The sum of the first and the second is smaller than the third, so that combination cannot stem from a trivariate correlation.

Answer 2

Assume without loss of generality that the random variables $A$, $B$, $C$ are standard, that is, with mean zero and unit variance. Then, for any $(A,B,C)$ with the prescribed covariances, $$\mathrm{var}(A-B+C)=\mathrm{var}(A)+\mathrm{var}(B)+\mathrm{var}(C)-2\mathrm{cov}(A,B)-2\mathrm{cov}(B,C)+2\mathrm{cov}(A,C), $$ that is, $$ \mathrm{var}(A-B+C)=3-2\cdot0.9-2\cdot0.8+2\cdot0.1=-0.2\lt0, $$ which is absurd.
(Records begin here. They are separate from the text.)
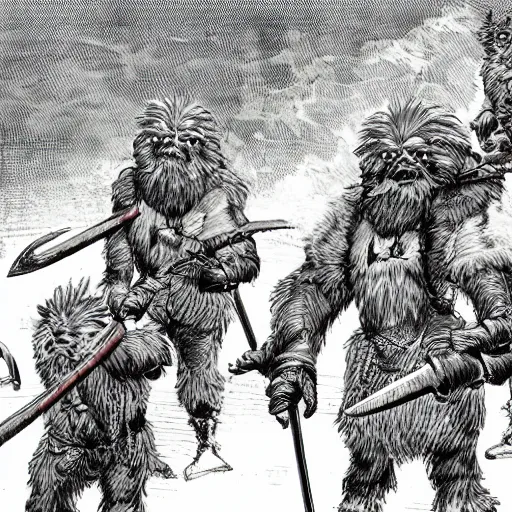 Prompt: a high detailed realistic photo of a group of armored yeti and sasquatch battling with swords shields andsd pears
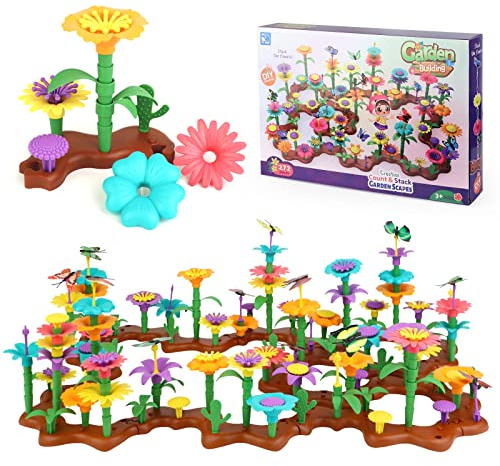 272 Pezzi Giocattoli Giocattolo da Costruzione di Fiori Set ,DIY Giocattoli da giardino fioriti Regalo per Ragazzi e ragazze 3+ anni educativi da Gioco Creativo Artistico Bouquet fai da te Set Regali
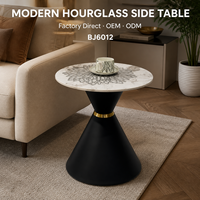Table d'appoint moderne en dalle de roche ronde avec base en fer noir en forme de sablier, fabrication directe usine OEM/ODM, pour salon, hôtel, salle de séjour, chambre à coucher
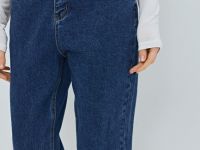 Прилегающие джинсы Mom, Синий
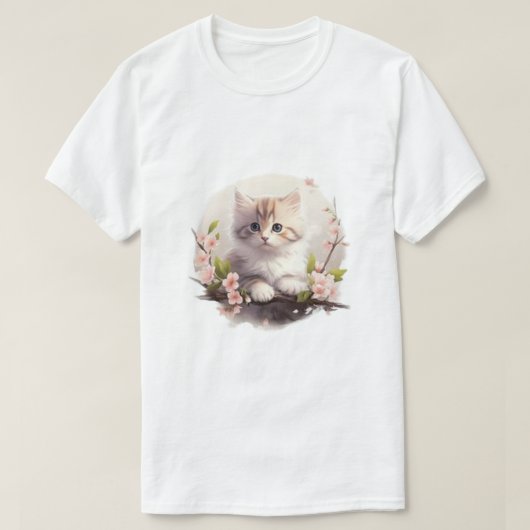 ピンクの花の水彩画キットンティーシャツ Tシャツ (デザイン正面)
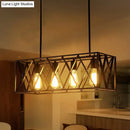GobekUsa Industrial Metal Cage Island Pendant Light - Black Coffee Shop Chandelier Lamp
Edit: Since correlations are cosines, for every random variables such that $\mathrm{corr}(A,B)=b$, $\mathrm{corr}(A,C)=c$ and $\mathrm{corr}(B,C)=a$, one must have $$ a\geqslant bc-\sqrt{1-b^2}\sqrt{1-c^2}. $$ For $b=0.9$ and $c=0.8$, this yields $a\geqslant.458$.

Answer 3

As a follow up to one of the other answers, I'd like to finish the solution to make it clear. I find this approach very nice (Borat accent).

In order to generate the correlation matrix, you can leave one of the correlations as $\rho$, I'm leaving $\rho_{AC}$ here. \begin{bmatrix} 1 & 0.9 & \rho\\ 0.9 & 1 & 0.8\\ \rho & 0.8 & 1 \end{bmatrix}

Now, if you calculate the determinant, you'll get the bound for $\rho$. Determinant calculation would result in the following equation (note that the matrix above is a correlation matrix and has to be at least semidefinite):

$$ -0.45 + 0.72\rho + 0.72\rho - \rho^2 \ge 0 $$

making it nicer, it will look like this: $$ \rho^2 - 1.44\rho + 0.45 \le 0 $$

which is correct if $ 0.458 \le \rho \le 0.981 $. This means that the correlation between $A$ and $C$ should be in this range, which isn't.

Answer 4

For @egreif1 answer, it can be easily understood that $\rho(X, Y) = \rho(X - EX, Y)$, after shifting and scaling ,the correlation between two variables are same. So for the purpose of simplification, we can work with zero mean and unit variance r.v.s. It may be another thought about Hilbert's space.